Brief: Among the lines below, take the one holding "Nike Dunk Low", the one holding "Branch, NJ 07764", and all lines between them. Set them down exactly.

Data extracts:

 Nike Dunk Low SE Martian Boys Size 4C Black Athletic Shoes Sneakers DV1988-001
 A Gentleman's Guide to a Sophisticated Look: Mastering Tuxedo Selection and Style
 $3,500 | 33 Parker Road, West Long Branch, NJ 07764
==
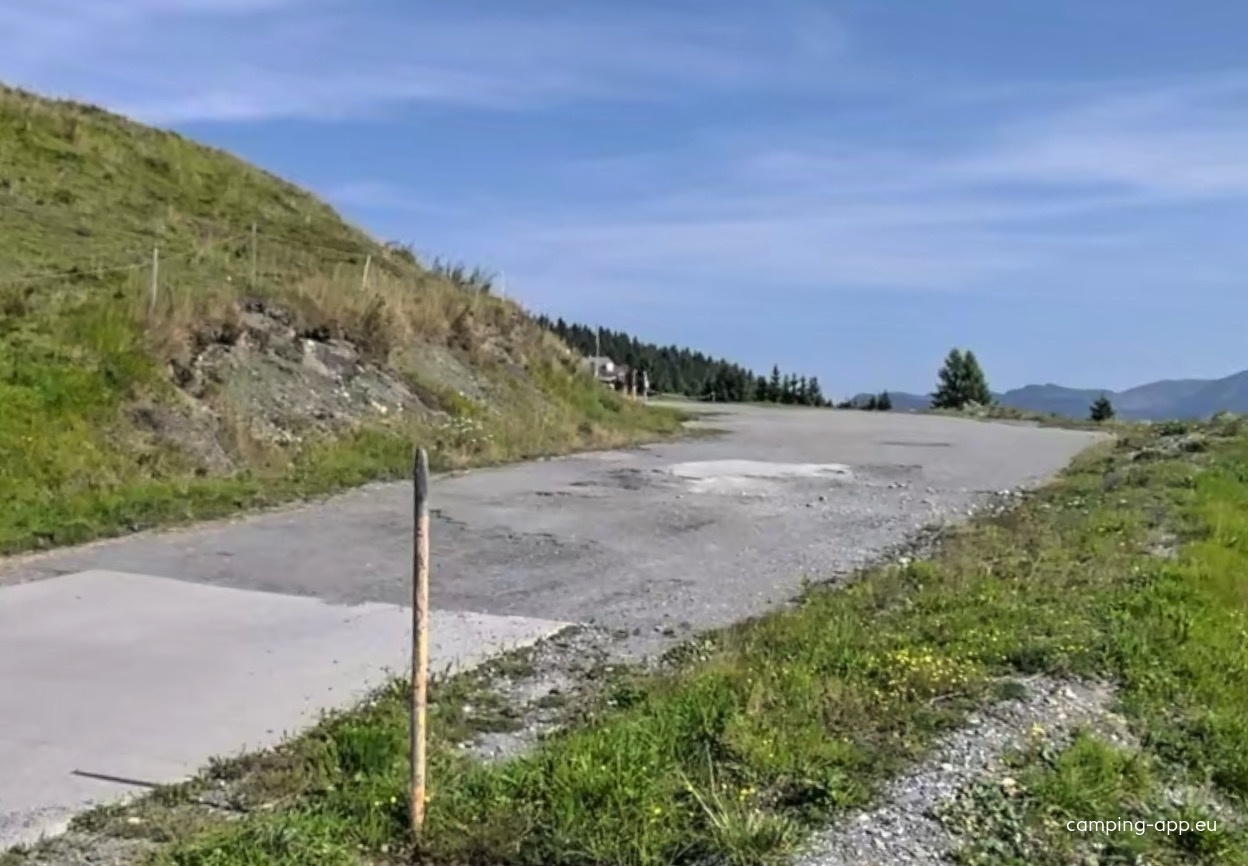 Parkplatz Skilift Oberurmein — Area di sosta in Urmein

Response to the task:
 Nike Dunk Low SE Martian Boys Size 4C Black Athletic Shoes Sneakers DV1988-001
 A Gentleman's Guide to a Sophisticated Look: Mastering Tuxedo Selection and Style
 $3,500 | 33 Parker Road, West Long Branch, NJ 07764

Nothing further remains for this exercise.